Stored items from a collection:
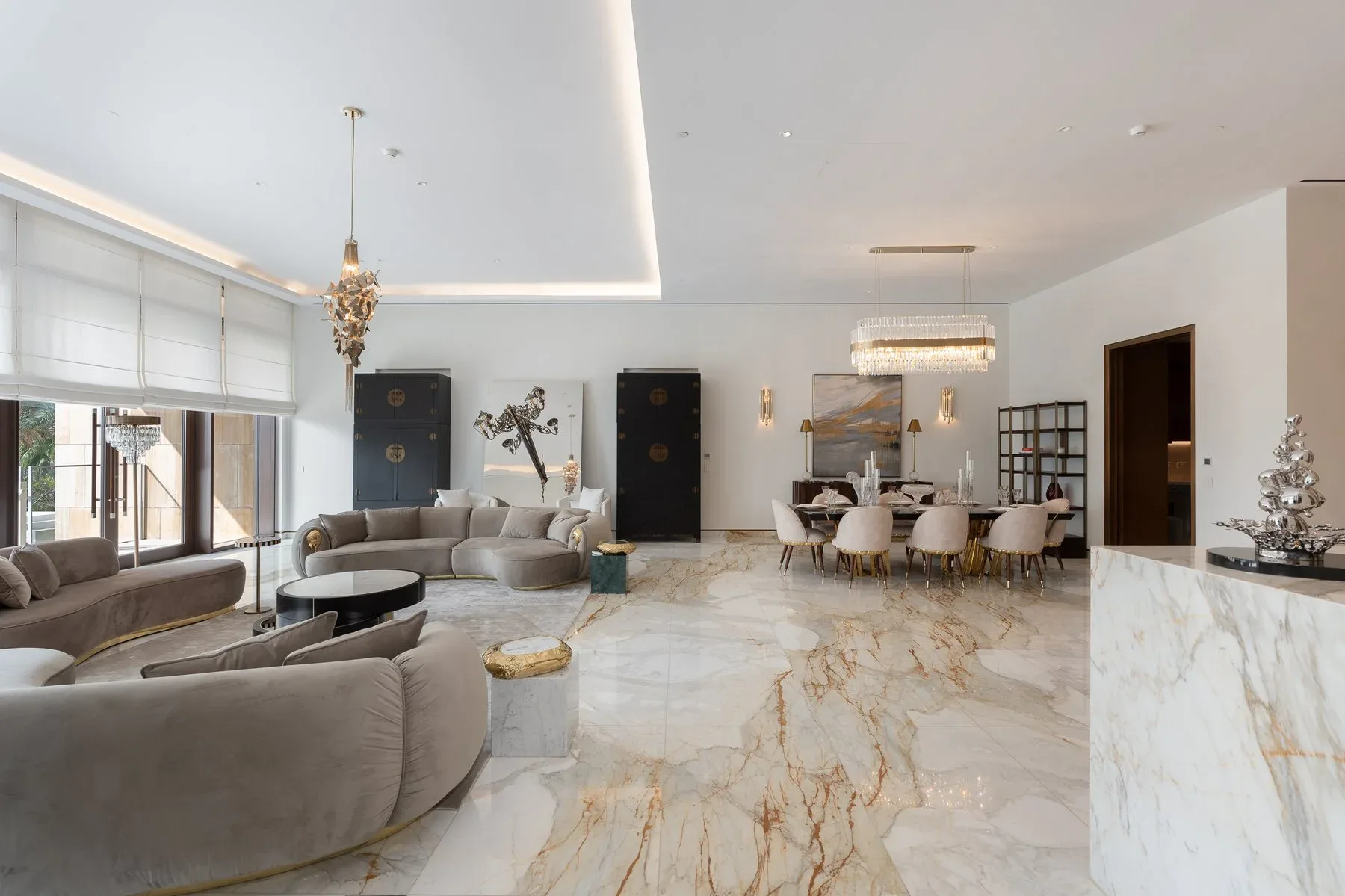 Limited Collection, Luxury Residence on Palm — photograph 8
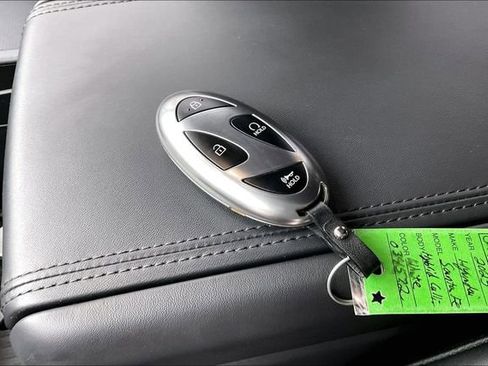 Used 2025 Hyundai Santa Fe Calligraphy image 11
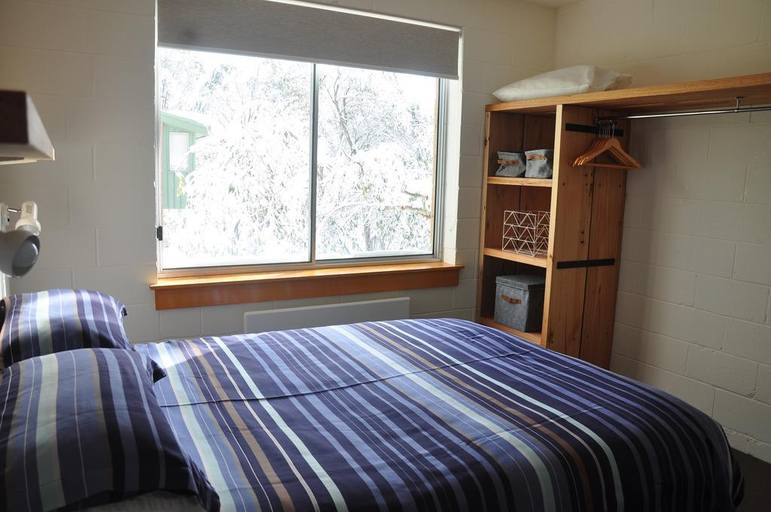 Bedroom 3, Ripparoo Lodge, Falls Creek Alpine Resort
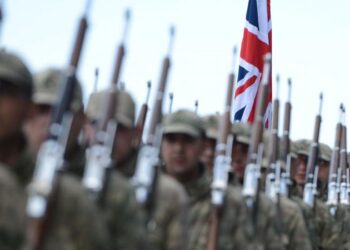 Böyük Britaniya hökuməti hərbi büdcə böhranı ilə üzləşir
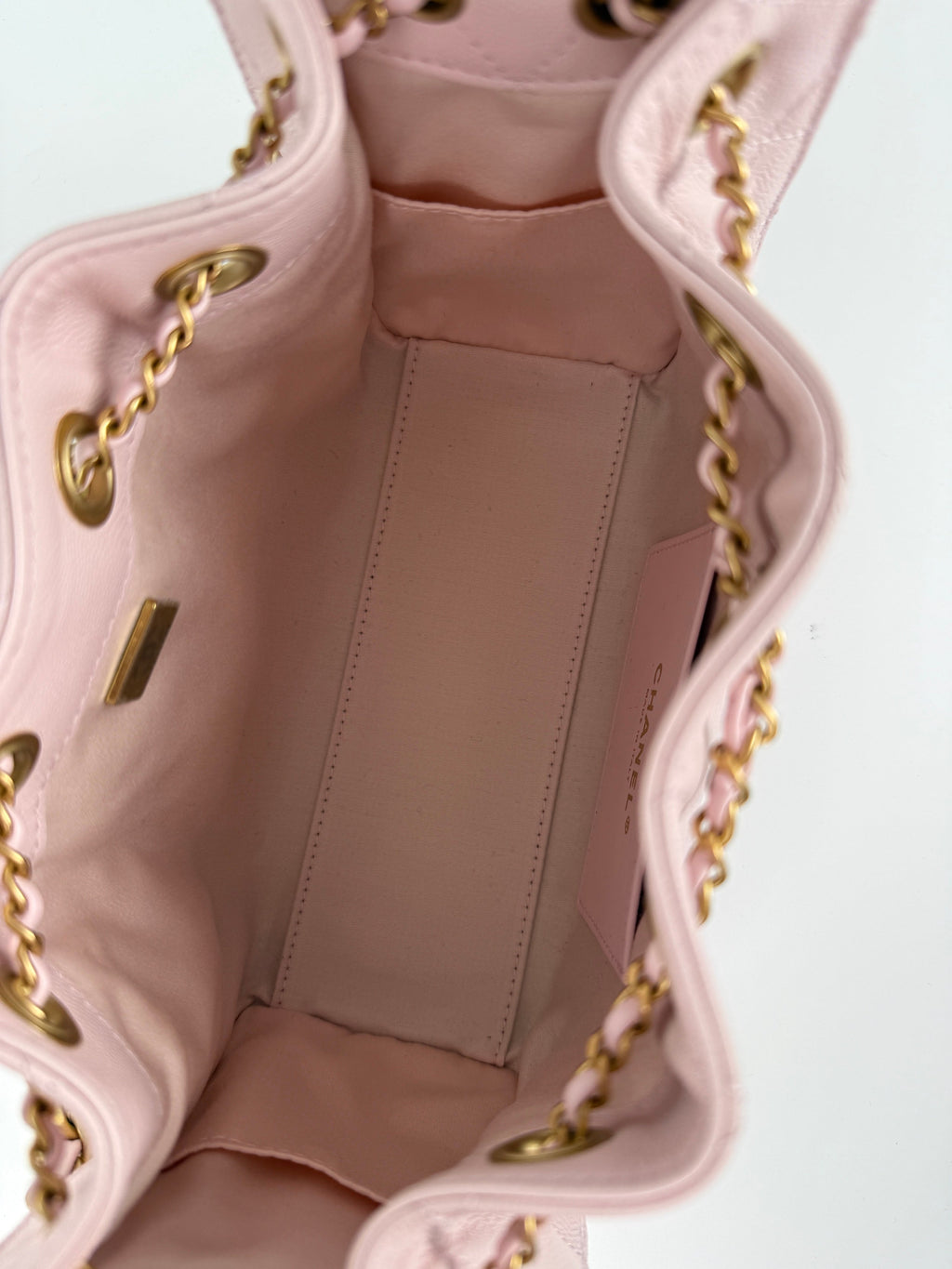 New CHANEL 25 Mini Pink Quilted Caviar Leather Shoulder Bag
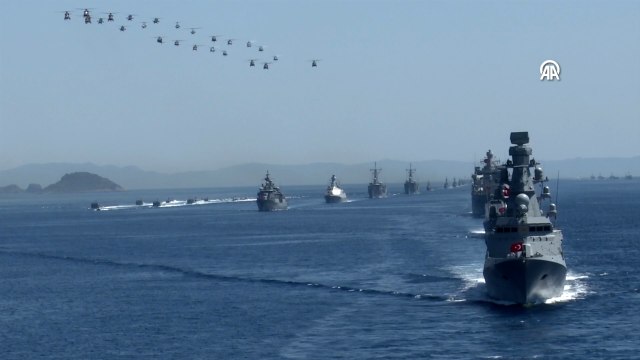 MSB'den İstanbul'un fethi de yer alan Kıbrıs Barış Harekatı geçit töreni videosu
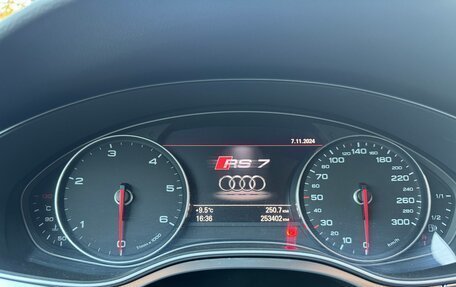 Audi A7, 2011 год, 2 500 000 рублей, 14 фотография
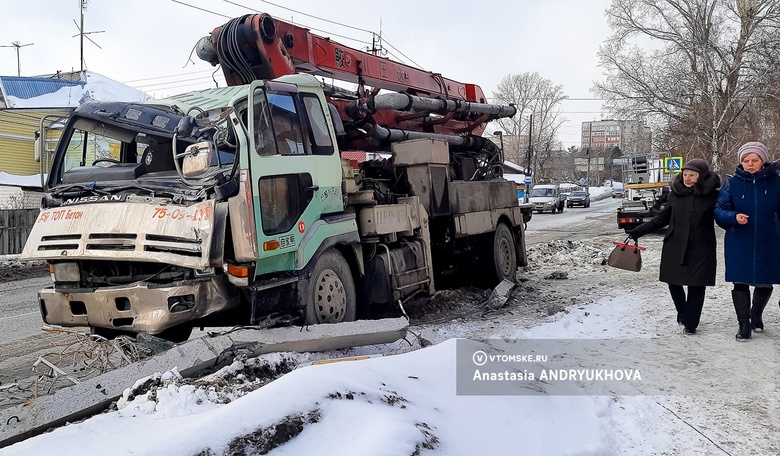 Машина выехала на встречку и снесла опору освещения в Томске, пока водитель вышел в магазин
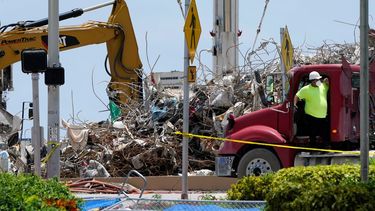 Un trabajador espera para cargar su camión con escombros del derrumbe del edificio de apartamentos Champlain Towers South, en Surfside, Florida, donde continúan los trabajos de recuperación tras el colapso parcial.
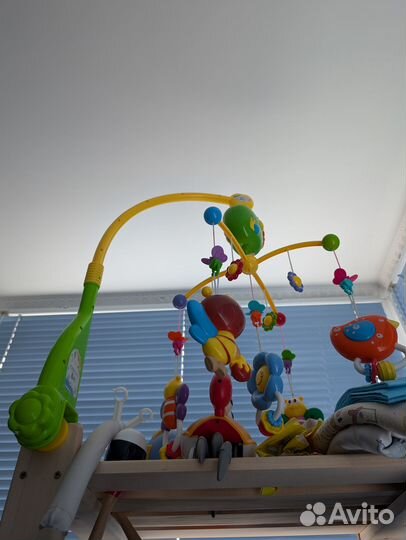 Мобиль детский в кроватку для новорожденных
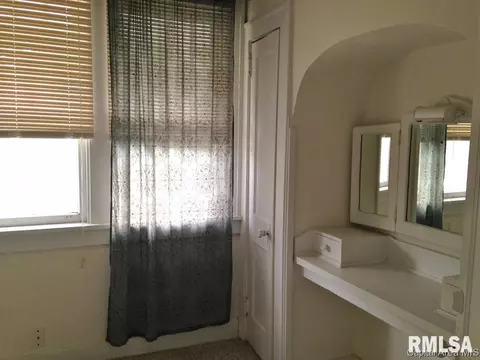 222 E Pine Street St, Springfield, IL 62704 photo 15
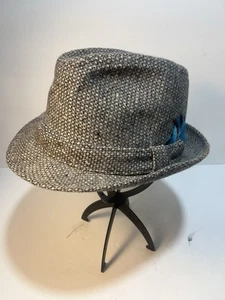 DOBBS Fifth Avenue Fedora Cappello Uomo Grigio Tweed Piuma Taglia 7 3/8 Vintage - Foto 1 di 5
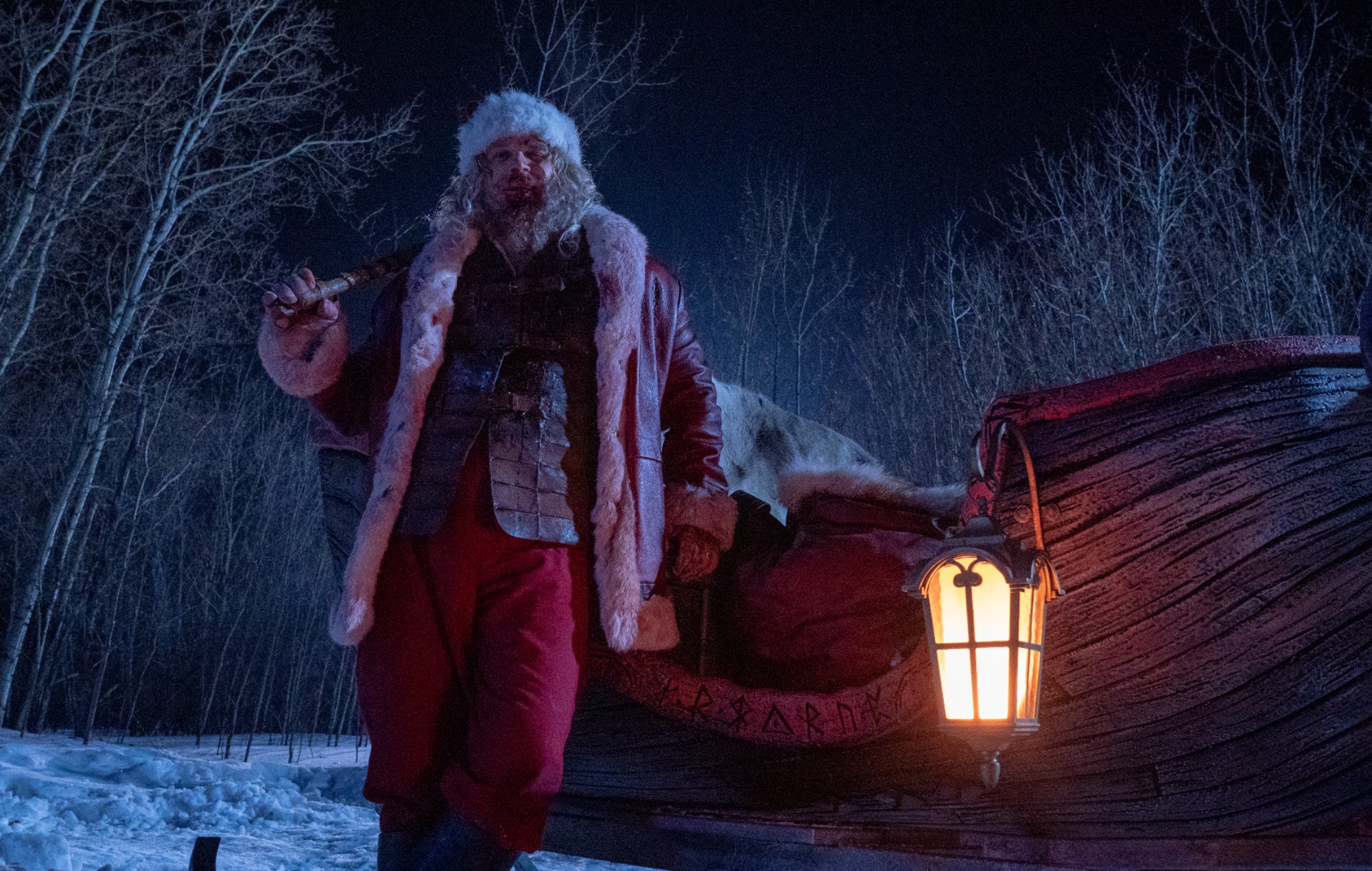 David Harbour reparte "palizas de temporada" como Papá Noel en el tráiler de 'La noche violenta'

**Your assignment**
For the entries above, the output must hold exactly the lines from the one with "Un trabajador espera" through the last line, both included, and no pictures.

**Solved problem**
 Un trabajador espera para cargar su camión con escombros del derrumbe del edificio de apartamentos Champlain Towers South, en Surfside, Florida, donde continúan los trabajos de recuperación tras el colapso parcial.
 Мобиль детский в кроватку для новорожденных
 222 E Pine Street St, Springfield, IL 62704 photo 15
 DOBBS Fifth Avenue Fedora Cappello Uomo Grigio Tweed Piuma Taglia 7 3/8 Vintage - Foto 1 di 5
 David Harbour reparte "palizas de temporada" como Papá Noel en el tráiler de 'La noche violenta'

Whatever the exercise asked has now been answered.